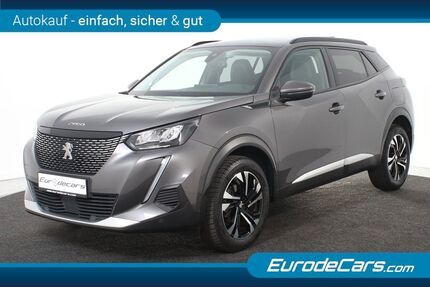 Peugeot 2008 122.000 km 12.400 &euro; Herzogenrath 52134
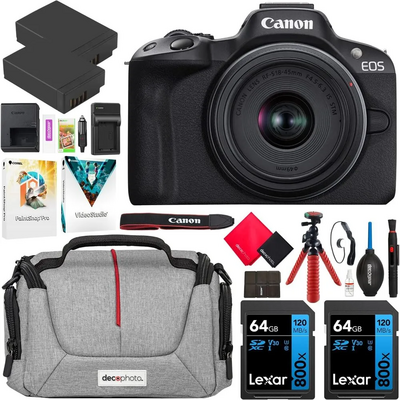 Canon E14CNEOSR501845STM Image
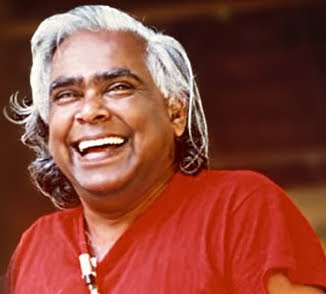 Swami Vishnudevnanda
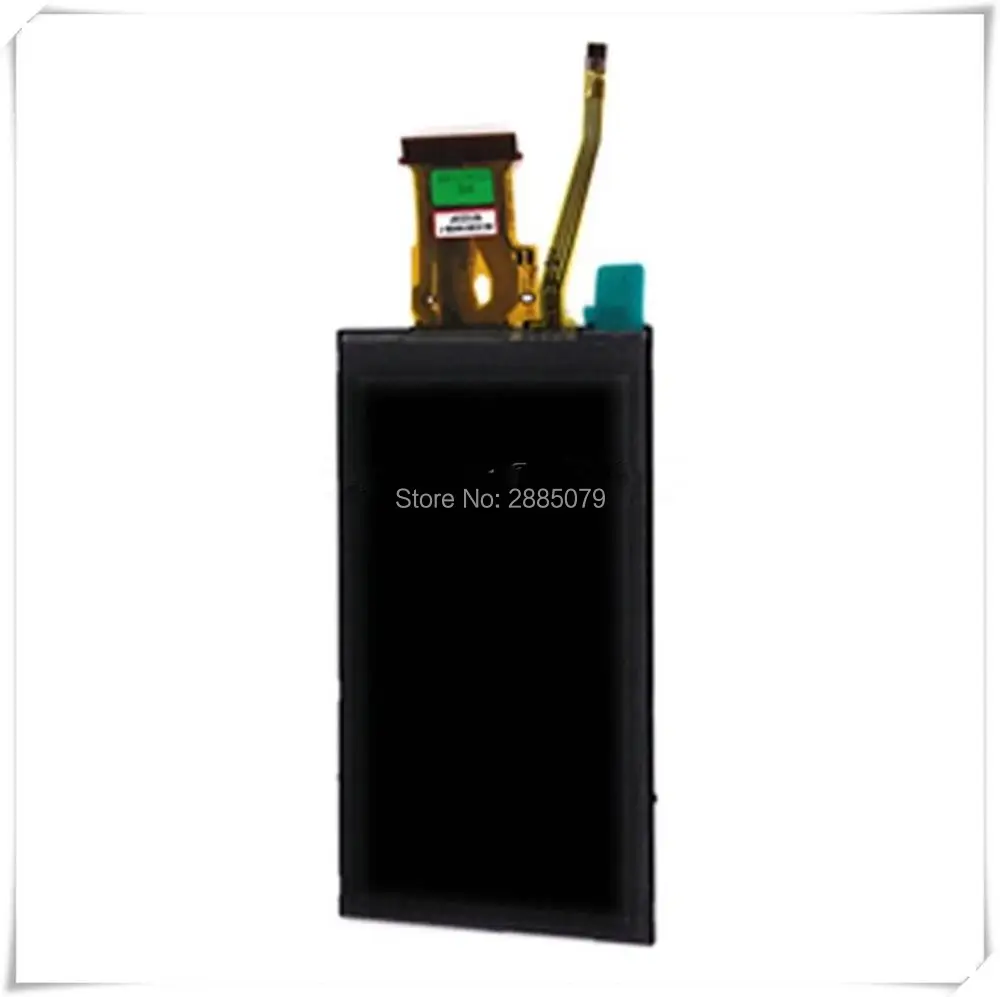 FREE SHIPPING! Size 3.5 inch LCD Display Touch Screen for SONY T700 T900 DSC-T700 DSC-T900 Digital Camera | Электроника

::::

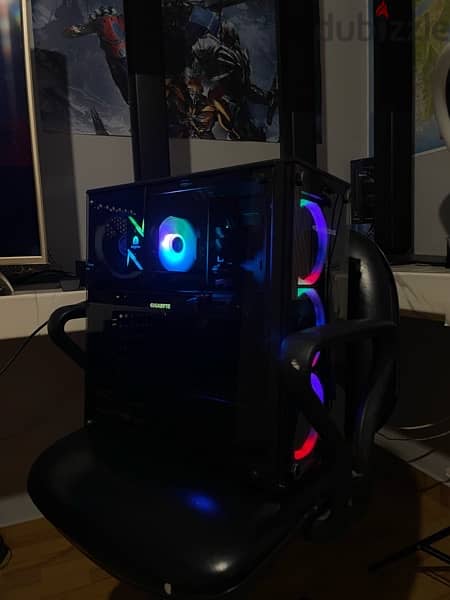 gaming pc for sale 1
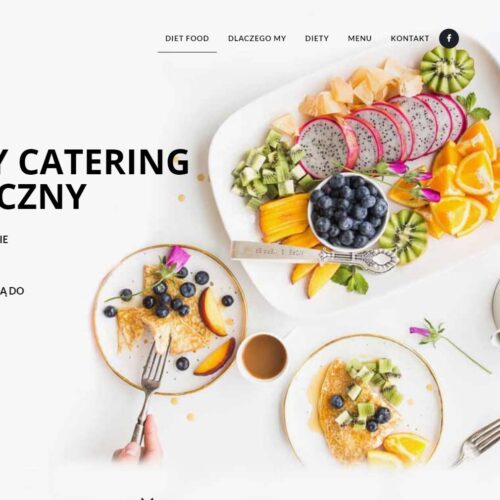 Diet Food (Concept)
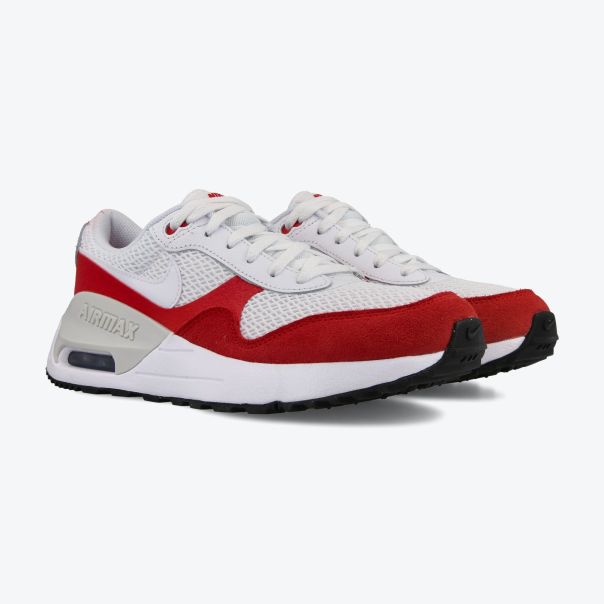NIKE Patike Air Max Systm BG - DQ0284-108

::::

Exercise objective:
With pictures omitted, repeat the entries above word for word from the line holding "Diet Food (Concept)" down to the line holding "NIKE Patike Air Max Systm BG - DQ0284-108", keeping both of those lines.

Response area:
 Diet Food (Concept)
NIKE Patike Air Max Systm BG - DQ0284-108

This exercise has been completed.